The Ralliart is slotted into the Lancer’s lineup above the GTS and below the Evo. It’s made from parts of both. Outside, it’s a Lancer with the Evo’s snout, aluminum hood and wing. The front looks like one of those algae-eating tropical fish you see snuffling along the sides of aquariums, only angrier. In the middle, it’s standard Lancer. The overweight wing perched on top of the shallow truck doesn’t do anything but obstruct the lower half of the view through the rearview mirror. Neither I, my twenty-something son, nor anyone else that I asked liked the overall look.

Inside, it’s worse. The black interior is a mosaic of plastics; I counted six different patterns, textures and finishes including the cheesy fake carbon fiber trim that spans the instrument panel. The interior’s only classy touch: seats upholstered in a sturdy-looking faux suede.

At least the front seats are decent. They mimic lower-line Recaros (the real Recaros are part of a $2750 package). They’re firm, supportive and comfortable. Unfortunately, that’s as far as the comfort goes; the steering wheel feels like it’s in another time zone. This is the first car I’ve driven in a long time where I had to stretch to reach the steering wheel when the seat was far enough back to accommodate my long legs. I ended up driving with my knees splayed at an uncomfortable angle so I didn’t have to position the seatback bolt upright to reach the wheel.

Those with shorter arms will also find it a reach to the radio controls which are spread across the center of the dashboard (fortunately, there are redundant controls on the steering wheel). The AC’s rotary controls are hung beneath the dashboard like a cheap set of aftermarket gauges. At 10K miles, they were already loose in their housing (did I say “pampered”?). Combined with the rattle from the passenger side of the dashboard, I wasn’t getting a good feeling about the Mitsubishi Lancer Ralliart’s long-term durability.

The leather-covered steering wheel, shift knob and shifter boot have contrasting white stitching that looks like a summer camp craft project. Moving the shifter out of park involves lifting a collar that sits on top of that boot. Those without large hands or long fingers will find it cumbersome. Once you’re underway, the first couple of shifts from the six-speed Sportronic SST transmission are as abrupt as a 16-year-old . . . Anyway . . .

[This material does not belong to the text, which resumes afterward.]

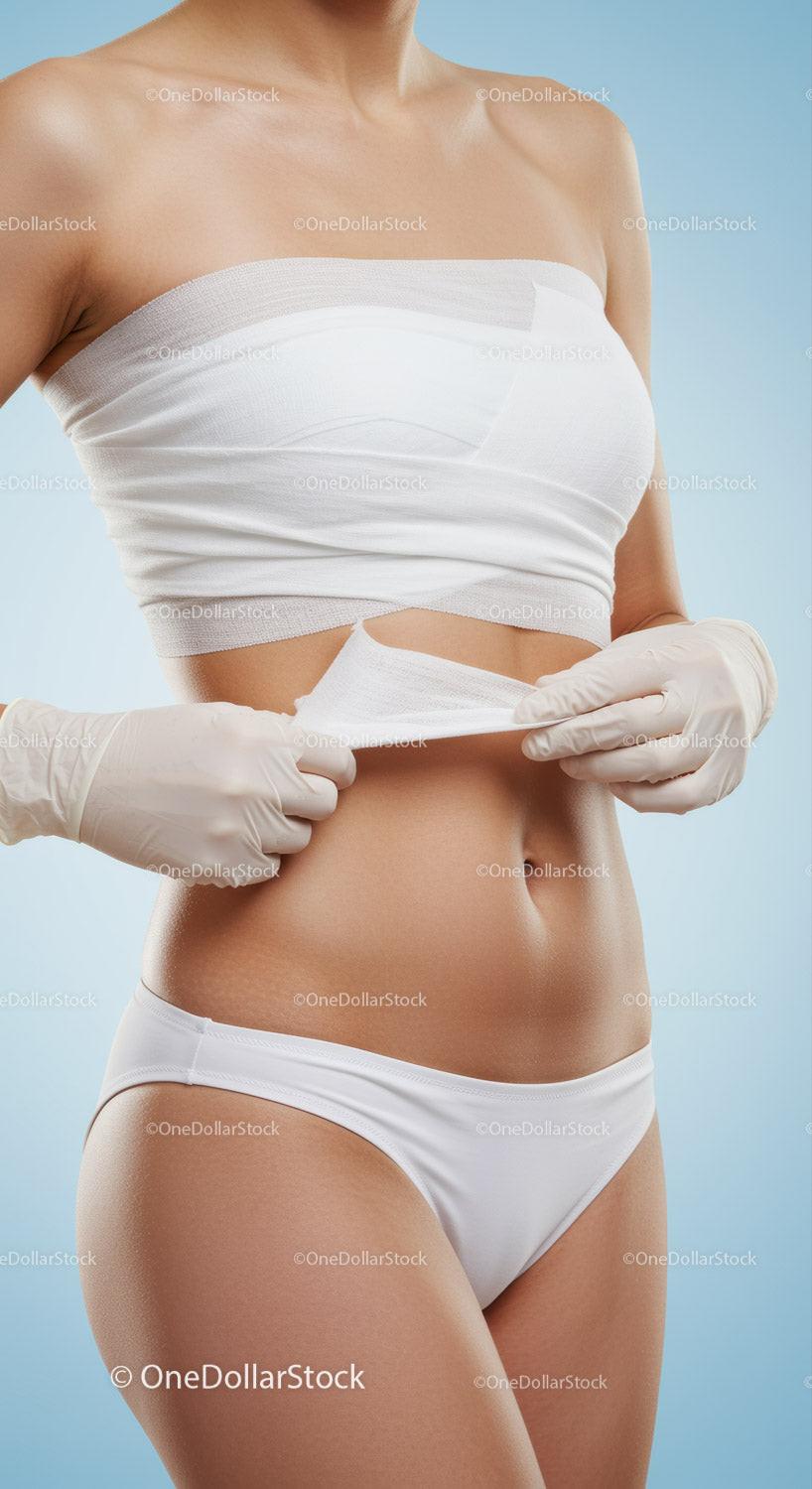 Woman in White Bandage on Abdomen Applying Medical Dressing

Thankfully, once the transmission warms up, the shifts smooth out. You can start to appreciate the dual-clutch action, which knows what gear you need better than you do. That’s good, as the shifter paddles don’t move with the steering wheel and when you’re busy threading through the twisties they’re often out of reach, unless you’re into shuffle steering.

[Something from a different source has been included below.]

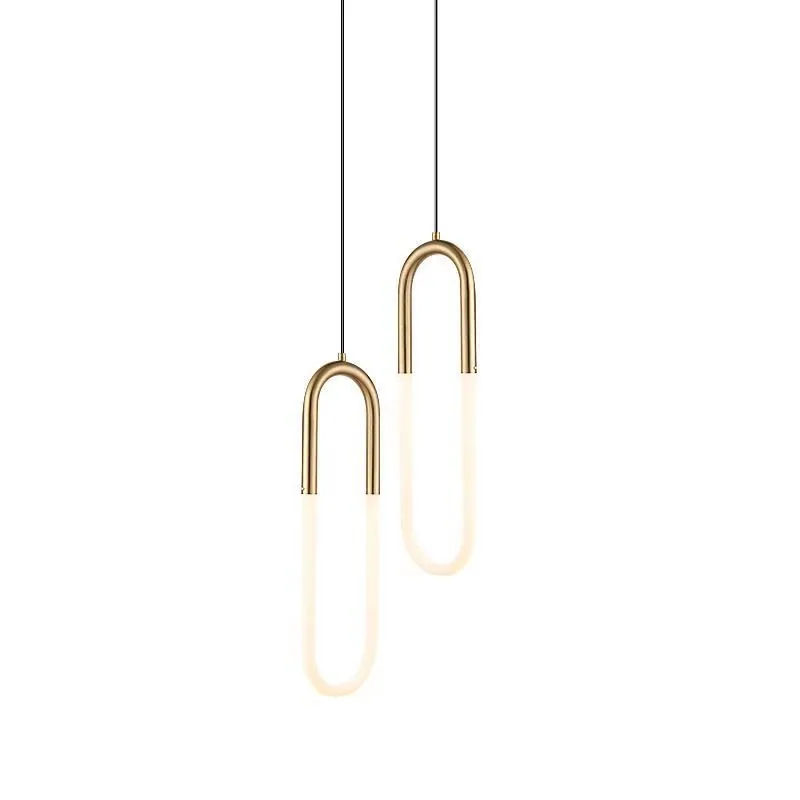 Modern Minimalist U-Shaped Cord-Hung Chandelier — Living Room, Bedroom & Bedside — view 4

The Ralliart’s goodness lies under the hood: a 2.0L four sporting a single-scroll turbocharger and intercooler pumping out 237hp and 253 lb·ft of torque. The power’s transmitted to all four wheels via an active center differential with limited slip axles front and rear. If that sounds Evo-ish, it is. Unfortunately the suspension holding it in place isn’t. That part is basic Lancer GTS with a bit of additional firmness.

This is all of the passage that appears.